• **AIM OF THE TASK**:
For each line below that holds the string "Handmade", add one to a tally; report that tally alone.

• **GIVEN INFORMATION**:
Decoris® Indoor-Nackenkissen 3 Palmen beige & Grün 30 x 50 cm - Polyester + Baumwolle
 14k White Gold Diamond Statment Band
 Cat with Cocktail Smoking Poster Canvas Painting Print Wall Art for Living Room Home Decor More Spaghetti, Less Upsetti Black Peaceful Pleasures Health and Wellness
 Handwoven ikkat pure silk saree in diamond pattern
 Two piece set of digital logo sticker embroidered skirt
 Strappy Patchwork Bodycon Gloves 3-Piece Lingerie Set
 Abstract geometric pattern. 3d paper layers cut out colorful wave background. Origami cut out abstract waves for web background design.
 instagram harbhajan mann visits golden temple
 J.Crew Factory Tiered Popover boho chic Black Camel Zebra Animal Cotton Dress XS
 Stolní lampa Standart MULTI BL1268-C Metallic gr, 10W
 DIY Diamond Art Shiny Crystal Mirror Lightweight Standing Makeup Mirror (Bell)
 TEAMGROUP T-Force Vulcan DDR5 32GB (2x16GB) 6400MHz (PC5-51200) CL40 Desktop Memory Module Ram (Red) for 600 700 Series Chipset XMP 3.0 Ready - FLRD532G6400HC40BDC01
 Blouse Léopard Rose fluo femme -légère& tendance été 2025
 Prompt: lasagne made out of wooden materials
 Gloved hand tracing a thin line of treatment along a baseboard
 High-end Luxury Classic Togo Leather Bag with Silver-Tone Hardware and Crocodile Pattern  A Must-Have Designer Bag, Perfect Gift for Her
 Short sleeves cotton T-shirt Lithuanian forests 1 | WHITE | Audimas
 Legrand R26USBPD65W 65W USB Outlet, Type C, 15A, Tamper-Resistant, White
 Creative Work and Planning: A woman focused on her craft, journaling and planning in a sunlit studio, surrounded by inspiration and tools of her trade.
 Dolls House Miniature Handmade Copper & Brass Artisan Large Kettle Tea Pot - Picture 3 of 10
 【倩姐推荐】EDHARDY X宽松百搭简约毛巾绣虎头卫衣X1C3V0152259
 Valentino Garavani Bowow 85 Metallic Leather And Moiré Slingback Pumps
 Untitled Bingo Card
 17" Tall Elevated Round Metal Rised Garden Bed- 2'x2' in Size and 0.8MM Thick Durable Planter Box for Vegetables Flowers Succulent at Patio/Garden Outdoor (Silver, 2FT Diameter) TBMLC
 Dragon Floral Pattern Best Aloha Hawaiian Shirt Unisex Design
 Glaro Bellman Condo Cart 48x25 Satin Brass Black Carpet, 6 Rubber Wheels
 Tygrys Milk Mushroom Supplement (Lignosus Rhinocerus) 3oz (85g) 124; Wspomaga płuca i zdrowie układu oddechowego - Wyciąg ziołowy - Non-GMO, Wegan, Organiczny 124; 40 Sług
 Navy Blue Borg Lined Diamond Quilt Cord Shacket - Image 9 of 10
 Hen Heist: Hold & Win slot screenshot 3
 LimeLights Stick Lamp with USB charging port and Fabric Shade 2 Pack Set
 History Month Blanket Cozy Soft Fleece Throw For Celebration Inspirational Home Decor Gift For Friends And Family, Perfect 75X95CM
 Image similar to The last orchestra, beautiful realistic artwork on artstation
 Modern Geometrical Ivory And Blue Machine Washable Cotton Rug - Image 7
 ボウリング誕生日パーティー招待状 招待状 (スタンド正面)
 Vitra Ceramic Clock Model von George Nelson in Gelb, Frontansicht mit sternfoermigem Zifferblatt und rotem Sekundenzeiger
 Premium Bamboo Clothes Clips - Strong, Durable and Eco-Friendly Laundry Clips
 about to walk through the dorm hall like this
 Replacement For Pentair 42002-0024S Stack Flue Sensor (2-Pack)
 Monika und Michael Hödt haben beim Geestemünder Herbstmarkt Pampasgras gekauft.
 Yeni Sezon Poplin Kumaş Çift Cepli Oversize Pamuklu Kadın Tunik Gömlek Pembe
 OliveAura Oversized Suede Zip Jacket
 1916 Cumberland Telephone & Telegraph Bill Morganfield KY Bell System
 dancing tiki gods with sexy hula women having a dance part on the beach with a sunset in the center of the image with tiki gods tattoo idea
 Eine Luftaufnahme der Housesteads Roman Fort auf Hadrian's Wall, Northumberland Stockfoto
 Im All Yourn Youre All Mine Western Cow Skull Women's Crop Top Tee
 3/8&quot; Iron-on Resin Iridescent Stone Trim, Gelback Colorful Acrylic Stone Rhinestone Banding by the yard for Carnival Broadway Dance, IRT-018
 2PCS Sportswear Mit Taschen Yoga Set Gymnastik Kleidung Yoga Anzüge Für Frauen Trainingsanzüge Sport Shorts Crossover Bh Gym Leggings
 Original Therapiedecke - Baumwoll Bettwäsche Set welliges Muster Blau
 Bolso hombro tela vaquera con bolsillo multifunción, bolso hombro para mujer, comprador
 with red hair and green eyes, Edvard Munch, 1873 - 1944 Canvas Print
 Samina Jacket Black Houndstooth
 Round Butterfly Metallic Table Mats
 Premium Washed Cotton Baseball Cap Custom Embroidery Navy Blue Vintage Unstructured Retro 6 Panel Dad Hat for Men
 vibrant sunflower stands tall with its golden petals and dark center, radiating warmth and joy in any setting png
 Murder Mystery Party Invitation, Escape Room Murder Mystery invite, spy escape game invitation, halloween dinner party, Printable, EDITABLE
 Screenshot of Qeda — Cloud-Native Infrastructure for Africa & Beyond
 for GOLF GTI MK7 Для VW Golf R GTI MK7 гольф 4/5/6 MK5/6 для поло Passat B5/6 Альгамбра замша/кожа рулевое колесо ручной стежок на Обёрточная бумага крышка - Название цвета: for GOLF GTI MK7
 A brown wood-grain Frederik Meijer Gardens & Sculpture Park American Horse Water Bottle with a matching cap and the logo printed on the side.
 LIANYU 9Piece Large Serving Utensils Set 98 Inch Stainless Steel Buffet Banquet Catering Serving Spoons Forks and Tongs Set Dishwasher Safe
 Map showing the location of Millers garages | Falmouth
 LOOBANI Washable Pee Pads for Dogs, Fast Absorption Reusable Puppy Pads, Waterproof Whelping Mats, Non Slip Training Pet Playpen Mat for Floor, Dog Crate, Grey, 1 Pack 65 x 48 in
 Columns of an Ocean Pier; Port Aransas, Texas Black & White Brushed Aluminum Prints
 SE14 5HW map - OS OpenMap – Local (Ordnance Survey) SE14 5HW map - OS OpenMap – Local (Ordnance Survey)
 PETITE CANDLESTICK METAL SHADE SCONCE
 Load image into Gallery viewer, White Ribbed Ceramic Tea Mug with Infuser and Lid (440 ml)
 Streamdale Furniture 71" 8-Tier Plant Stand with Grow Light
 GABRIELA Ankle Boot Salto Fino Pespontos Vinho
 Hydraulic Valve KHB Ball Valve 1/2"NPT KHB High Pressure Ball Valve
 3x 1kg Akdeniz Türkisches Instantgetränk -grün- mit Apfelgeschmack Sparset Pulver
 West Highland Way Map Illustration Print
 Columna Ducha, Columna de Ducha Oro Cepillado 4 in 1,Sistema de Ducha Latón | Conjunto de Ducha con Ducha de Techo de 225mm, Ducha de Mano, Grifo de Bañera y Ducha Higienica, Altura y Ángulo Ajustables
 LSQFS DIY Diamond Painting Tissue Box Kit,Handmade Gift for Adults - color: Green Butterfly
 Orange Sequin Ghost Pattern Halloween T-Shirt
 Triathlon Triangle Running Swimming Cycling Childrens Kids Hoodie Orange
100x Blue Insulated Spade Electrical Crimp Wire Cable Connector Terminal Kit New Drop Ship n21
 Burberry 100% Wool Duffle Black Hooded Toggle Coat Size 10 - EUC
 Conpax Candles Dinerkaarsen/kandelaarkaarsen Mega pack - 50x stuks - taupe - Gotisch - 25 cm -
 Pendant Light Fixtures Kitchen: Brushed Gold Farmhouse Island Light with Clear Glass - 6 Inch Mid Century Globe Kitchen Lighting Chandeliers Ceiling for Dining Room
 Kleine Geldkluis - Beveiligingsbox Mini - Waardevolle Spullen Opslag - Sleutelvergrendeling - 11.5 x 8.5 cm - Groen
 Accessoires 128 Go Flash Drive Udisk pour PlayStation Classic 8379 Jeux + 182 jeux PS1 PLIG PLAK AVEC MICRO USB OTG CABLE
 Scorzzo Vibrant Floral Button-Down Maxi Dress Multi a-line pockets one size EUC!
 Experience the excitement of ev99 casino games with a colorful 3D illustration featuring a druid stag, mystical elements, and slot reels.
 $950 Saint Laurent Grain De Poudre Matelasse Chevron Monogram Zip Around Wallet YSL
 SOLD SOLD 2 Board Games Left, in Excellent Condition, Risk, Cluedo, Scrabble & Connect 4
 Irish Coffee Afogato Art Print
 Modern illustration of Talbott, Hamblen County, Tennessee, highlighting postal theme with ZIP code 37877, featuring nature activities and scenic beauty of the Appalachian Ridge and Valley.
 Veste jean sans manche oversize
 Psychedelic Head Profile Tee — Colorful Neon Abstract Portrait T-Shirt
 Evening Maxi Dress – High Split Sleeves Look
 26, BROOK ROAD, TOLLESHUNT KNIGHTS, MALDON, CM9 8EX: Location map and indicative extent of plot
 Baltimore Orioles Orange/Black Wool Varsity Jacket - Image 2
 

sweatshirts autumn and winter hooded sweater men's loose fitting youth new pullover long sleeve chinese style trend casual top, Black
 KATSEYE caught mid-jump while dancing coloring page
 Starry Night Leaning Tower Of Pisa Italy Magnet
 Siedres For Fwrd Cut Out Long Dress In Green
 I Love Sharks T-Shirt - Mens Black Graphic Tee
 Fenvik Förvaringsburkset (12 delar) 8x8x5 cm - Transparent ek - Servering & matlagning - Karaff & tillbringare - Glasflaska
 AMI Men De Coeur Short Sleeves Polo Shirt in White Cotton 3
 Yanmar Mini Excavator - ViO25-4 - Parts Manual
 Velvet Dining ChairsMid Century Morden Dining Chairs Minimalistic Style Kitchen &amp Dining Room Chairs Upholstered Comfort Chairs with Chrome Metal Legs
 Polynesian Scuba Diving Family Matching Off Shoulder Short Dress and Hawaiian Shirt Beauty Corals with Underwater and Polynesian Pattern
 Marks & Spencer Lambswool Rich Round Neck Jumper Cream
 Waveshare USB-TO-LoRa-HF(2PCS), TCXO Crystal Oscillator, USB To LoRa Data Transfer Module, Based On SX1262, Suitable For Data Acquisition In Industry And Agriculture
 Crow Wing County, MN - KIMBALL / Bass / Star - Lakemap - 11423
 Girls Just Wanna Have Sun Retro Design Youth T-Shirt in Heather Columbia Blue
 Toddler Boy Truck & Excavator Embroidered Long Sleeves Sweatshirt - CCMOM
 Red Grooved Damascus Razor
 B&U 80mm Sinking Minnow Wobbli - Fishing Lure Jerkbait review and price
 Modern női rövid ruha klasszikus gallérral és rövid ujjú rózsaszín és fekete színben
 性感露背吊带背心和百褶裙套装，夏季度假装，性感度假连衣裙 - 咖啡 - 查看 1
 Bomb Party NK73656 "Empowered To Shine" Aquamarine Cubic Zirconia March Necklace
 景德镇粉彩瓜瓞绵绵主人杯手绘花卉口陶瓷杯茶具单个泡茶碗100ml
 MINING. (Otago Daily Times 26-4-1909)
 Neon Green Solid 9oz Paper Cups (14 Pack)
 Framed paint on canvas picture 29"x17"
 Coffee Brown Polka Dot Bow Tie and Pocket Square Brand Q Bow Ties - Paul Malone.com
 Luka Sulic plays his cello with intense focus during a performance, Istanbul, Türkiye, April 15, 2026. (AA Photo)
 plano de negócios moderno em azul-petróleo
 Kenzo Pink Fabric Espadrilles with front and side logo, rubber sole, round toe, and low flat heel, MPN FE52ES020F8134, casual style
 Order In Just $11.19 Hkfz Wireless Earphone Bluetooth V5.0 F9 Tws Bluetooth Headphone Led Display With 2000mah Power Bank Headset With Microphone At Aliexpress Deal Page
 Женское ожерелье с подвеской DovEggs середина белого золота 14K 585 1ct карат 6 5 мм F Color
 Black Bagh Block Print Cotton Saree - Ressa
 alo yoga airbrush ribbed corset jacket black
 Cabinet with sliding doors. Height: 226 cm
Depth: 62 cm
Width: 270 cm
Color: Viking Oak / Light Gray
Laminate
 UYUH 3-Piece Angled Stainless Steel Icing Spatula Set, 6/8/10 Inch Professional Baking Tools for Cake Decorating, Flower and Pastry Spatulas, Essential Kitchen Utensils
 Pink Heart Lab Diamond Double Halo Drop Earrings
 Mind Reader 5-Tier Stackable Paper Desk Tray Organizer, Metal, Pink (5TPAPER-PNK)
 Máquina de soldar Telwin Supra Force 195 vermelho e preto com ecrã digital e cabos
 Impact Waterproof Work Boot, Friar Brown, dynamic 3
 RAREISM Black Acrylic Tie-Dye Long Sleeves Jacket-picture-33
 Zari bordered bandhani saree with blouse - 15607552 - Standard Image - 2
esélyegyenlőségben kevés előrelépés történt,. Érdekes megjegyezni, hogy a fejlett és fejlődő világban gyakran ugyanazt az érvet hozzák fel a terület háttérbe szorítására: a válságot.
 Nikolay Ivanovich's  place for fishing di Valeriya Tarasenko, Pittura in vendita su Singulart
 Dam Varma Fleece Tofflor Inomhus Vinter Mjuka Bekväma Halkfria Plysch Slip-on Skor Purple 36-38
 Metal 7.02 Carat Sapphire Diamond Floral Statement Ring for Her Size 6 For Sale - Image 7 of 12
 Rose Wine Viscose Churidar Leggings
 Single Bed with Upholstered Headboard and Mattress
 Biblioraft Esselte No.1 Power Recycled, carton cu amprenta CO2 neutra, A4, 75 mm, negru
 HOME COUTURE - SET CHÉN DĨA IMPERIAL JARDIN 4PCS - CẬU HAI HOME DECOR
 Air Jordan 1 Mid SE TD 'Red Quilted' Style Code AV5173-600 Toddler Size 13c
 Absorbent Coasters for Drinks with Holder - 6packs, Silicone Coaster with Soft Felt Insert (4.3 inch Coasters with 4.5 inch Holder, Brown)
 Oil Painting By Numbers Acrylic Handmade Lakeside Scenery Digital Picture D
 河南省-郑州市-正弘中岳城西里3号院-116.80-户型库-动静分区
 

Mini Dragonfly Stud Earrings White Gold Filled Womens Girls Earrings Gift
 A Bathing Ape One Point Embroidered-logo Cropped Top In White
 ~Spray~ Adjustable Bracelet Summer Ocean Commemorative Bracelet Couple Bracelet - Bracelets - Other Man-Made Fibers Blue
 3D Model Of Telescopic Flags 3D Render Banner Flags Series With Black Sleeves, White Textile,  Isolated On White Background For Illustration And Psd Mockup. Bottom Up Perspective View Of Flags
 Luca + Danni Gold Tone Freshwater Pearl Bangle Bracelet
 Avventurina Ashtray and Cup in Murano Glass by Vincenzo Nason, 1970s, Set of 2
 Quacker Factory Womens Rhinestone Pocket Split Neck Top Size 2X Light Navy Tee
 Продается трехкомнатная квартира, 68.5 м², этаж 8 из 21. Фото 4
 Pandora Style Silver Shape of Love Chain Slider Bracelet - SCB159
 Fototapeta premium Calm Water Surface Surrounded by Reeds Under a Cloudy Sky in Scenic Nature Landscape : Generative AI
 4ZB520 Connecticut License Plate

• **ANSWER AREA**:
3